# Application of Deep Knockoffs for Functional Magnetic Resonance Imaging to Generate Surrogate Data

This notebook describes the pipeline to follow to build Knockoffs from fMRI images. These knockoffs generate surrogate data that is used in non-parametric tests to obtain a Statistical Parametric Map (SPM) of the brain.

First of all, some things to consider:
* fMRI images data set we use in this work was made available by the Medical Image Processing Laboratory (MIPLAB) 
* The Knockoff library can be found at https://github.com/msesia/deepknockoffs.git


## Structure
The process is divided into 4 main parts, which consist of:
#### 1. Performing the **General Linear Model (GLM)** on the data
This is the classical method to obtain the SPM, which returns the fitted beta values for $$ y = X\beta$$ where y is the fMRI timecourse and X is the design matrix of the experiment.


#### 2. Generating Knockoffs
Given the data, the algorithm will build a machine to generate surrogate timecourses. 
There are three methods:
* Gaussian Knockoffs
* Low Rank Knockoffs
* Deep Knockoffs
    
    
#### 3. Performing **Non-Parametric Tests**
The GLM is applied to the generated surrogate data to get the beta values and these are used to threshold the true betas using Non-Parametric Tests, which can be:
* Uncorrected Non-Parametric Test
* Corrected Non-Parametric Test
    
#### 4. Visualizing the results
* Brain plot (Matlab)
* Confusion matrix




In [1]:
import matplotlib
import matplotlib.pyplot as plt
import pandas as pd
import scipy
import seaborn as sns
matplotlib.rcParams['figure.figsize'] = (12.0, 6.0)

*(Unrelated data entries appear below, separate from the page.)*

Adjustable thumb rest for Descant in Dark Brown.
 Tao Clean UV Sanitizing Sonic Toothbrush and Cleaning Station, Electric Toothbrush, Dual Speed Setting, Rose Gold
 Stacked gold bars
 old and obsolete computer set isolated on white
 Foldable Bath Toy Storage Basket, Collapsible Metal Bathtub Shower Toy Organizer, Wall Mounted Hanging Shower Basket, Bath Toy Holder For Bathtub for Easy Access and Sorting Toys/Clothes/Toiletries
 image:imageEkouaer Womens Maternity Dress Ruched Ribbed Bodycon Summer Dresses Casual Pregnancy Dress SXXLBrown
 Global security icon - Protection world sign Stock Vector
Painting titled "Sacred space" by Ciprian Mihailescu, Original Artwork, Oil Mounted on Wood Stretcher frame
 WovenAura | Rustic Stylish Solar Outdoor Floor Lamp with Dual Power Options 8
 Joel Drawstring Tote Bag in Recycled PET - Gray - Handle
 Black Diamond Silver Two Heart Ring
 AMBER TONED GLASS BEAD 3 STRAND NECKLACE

from implementation import glm, knockoff_class, params
from implementation.load import load_pickle, load_fmri
from implementation.utils import KNOCK_DIR, compare_diagnostics

## 1. GLM

In [None]:
# running the GLM on all tasks
glm.run()

 MOTOR 
Loading data for task MOTOR...
Loaded Data - Shape: (100, 379, 284)
Loaded Task Paradigms - Shape: (100, 284)
Computing GLM for task MOTOR...
Separating conditions...
Done!
Convolving...
Done!
Fitting GLM for 100 subjects and 379 regions...
Done!
Saving activations and beta values for task MOTOR...
 GAMBLING 
Loading data for task GAMBLING...
Loaded Data - Shape: (100, 379, 253)
Loaded Task Paradigms - Shape: (100, 253)
Computing GLM for task GAMBLING...
Separating conditions...
Done!
Convolving...
Done!
Fitting GLM for 100 subjects and 379 regions...
Done!
Saving activations and beta values for task GAMBLING...
 RELATIONAL 
Loading data for task RELATIONAL...
Loaded Data - Shape: (100, 379, 232)
Loaded Task Paradigms - Shape: (100, 232)
Computing GLM for task RELATIONAL...
Separating conditions...
Done!
Convolving...
Done!
Fitting GLM for 100 subjects and 379 regions...
Done!
Saving activations and beta values for task RELATIONAL...
 SOCIAL 
Loading data for task SOCIAL...
Loa

## 2. Building Knockoffs

In [None]:
# selecting the same task and subject as in the report
task = 'MOTOR'
subject = 1

# loading all the data
fmri_data = load_fmri(task=task)

### a) Gaussian Knockoffs

In [None]:
gaussian = knockoff_class.GaussianKnockOff(task, subject)  

gaussian.load_fmri()

# Pre-processing the data: clustering to decrease correlations
gaussian.pre_process(max_corr=.3)

# Training the machine to build second-order knockoffs
_ = gaussian.fit() 

# Plotting diagnostics to show the performance of the knockoffs
res_gaus = gaussian.diagnostics()

In [None]:
# Building the knockoffs: the resulting data matrix will be of shape (real+knockoff, timepoints, regions),
# with (0,:,:) containing the real beta value and (1:, :, :) containing the knockoffs
data_gaussian = gaussian.transform()
print(data_gaussian.shape)

### b) Low Rank Knockoffs

In [None]:
lowrank = knockoff_class.LowRankKnockOff(task, subject)  

lowrank.load_fmri()

# Training the machine to build low-ranked knockoffs
_ = lowrank.fit(rank=120) 

# Plotting diagnostics to show the performance of the knockoffs
res_lowrank = lowrank.diagnostics()

In [None]:
# Building the knockoffs: the resulting data matrix will be of shape (real+knockoff, timepoints, regions),
# with (0,:,:) containing the real beta value and (1:, :, :) containing the knockoffs
data_lowrank = lowrank.transform()
print(data_lowrank.shape)

### c) Deep Knockoffs

We can load a previously trained machine or train a new one.

* **Loading a machine**

In [None]:
# We can load a previously trained machine
deepko = knockoff_class.DeepKnockOff(task, subject)
deepko.pre_process(max_corr=.3, save=True)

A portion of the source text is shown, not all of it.